Ma riandare a quella fase non aiuta a capire più di tanto l’estraneità di Basaglia ai sistemi sanitari che abbiamo sotto gli occhi e ai linguaggi attuali della psichiatria.

Per capire l’oggi dobbiamo andare soprattutto ai primi dieci anni del nuovo secolo, quando dilagarono con poche resistenze i processi che hanno immiserito e pervertito i servizi di salute mentale fino al degrado attuale, evidenziato, forse accresciuto, certo non causato dalla mazzata del Covid19.

Quei primi anni Duemila hanno segnato la vittoria e insieme la normalizzazione della riforma, e anche la compromissione, forse non definitiva, della capacità della legge «180» di orientare in senso realmente antimanicomiale il sistema della salute mentale e le professioni «psy», psichiatri, psicologi, infermieri e affini.

Con il Duemila sono stati chiusi gli ultimi ospedali psichiatrici: centomila letti smobilitati in trent’anni in un processo avviato prima della riforma e che tutti i paesi ricchi hanno poi intrapreso. Tutta la psichiatria, anche l’establishment, si intestò questo risultato, e si disse che la psichiatria entrava finalmente a pieno titolo nella medicina. Ma è proprio questo il problema.

Basaglia immaginava – lo scrisse, e il lavoro di Trieste lo dimostra – che la psichiatria della riforma avrebbe potuto portare dentro la medicina corpi vivi, uomini e donne, storie di persone e di luoghi, pezzi di società, cittadini con diritti, bisogni, parola.

Questo avrebbe chiesto la creazione di servizi di comunità, permeabili al contesto sociale e capaci di prendersene cura tramite la cura delle persone.

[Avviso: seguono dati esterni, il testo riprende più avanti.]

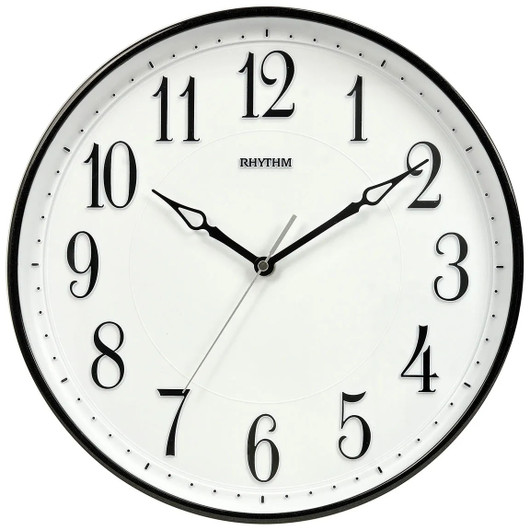 Rhythm CMG580 - NR02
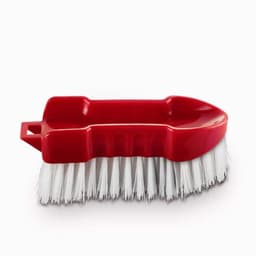 Tonkita Clothes Washing Brush image 0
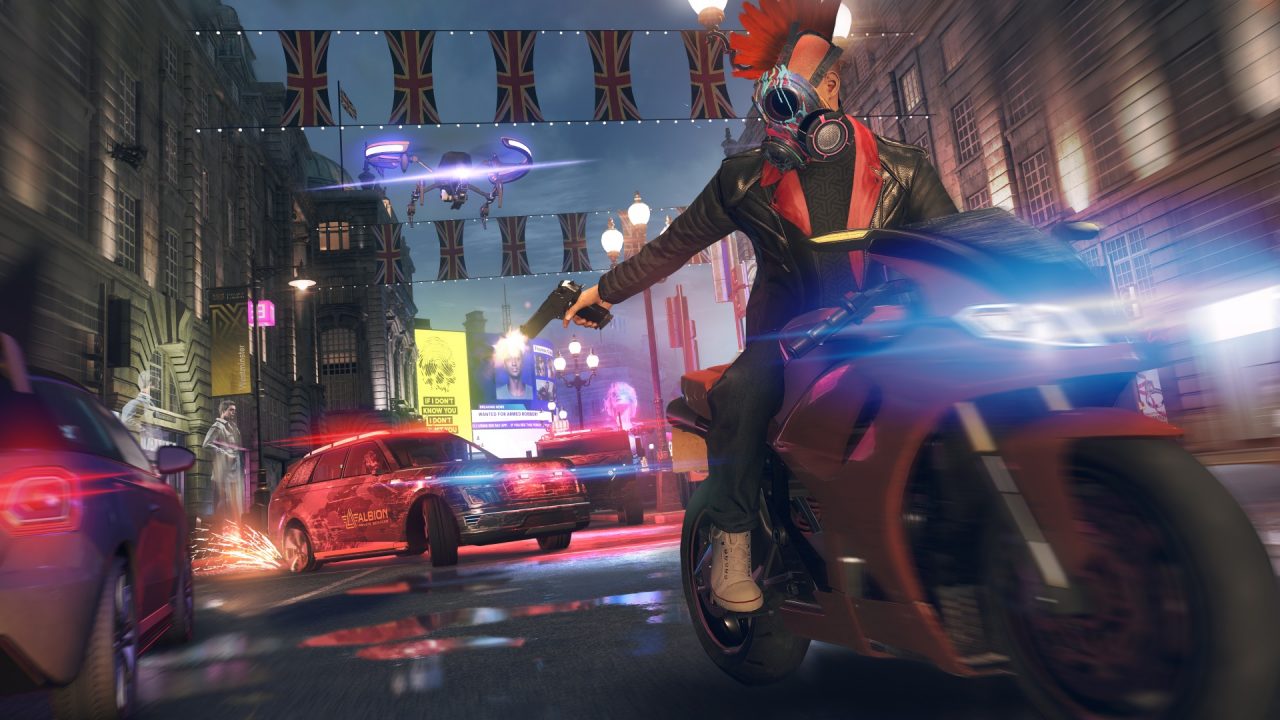 watch-dogs-legion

È accaduto l’esatto contrario.

La medicina del posto letto e della diagnosi, interessata più alla malattia che al malato, ha continuato a riprodurre sotto le bandiere della riforma una psichiatria di ambulatori, assediati dalle liste d’attesa e gestiti da operatori che non hanno mai visto le case dei pazienti; una psichiatria di servizi ospedalieri di diagnosi e cura che comminano dure quanto per fortuna brevi esperienze di internamento, in locali chiusi dove si usano contenzione meccanica e farmacologica e le persone sono private degli oggetti personali e della possibilità di comunicare; una psichiatria che ha fatto crescere una pletora di «residenze» variamente denominate, dove il tempo passa senza progetto né senso, focolai di infelicità e talvolta di virus.

I medici, gli infermieri, gli psicologi che oggi lavorano in questo sistema, in gran parte malpagati e precari, di Basaglia non sanno nulla, né della legge «180» né della riforma sanitaria né di cosa siano un servizio di comunità e una politica pubblica di salute, o se ne sanno è per scelta propria, dal momento che le facoltà di medicina e di psicologia non si occupano di questi temi, ignorano del tutto Basaglia ed evitano ogni discorso critico su salute, malattia, medicina.

Sta qui, in questa restaurazione, la radice del degrado di oggi, nel quale hanno influito le ideologie dell’aziendalismo e della concorrenza tra pubblico e privato, il fiorire delle repubblichette sanitarie regionali, l’assenza di fondi pubblici per la ricerca, lo strapotere di «Big Pharma».

E la politica? Oggi neppure le forze politiche che difendono la sanità pubblica hanno una visione forte che consenta di negoziare in modo non subalterno con i corpi professionali e con i poteri economici che dominano il campo sanitario.

Potrebbero provare a costruirla questa visione, insieme con i sistemi di servizi, i gruppi e i movimenti che resistono a lavorare in chiave di salute pubblica.

Di queste cose bisognerebbe parlare ripensando a Basaglia, senza celebrarlo con necrologi che accrescono la lontananza e la tristezza.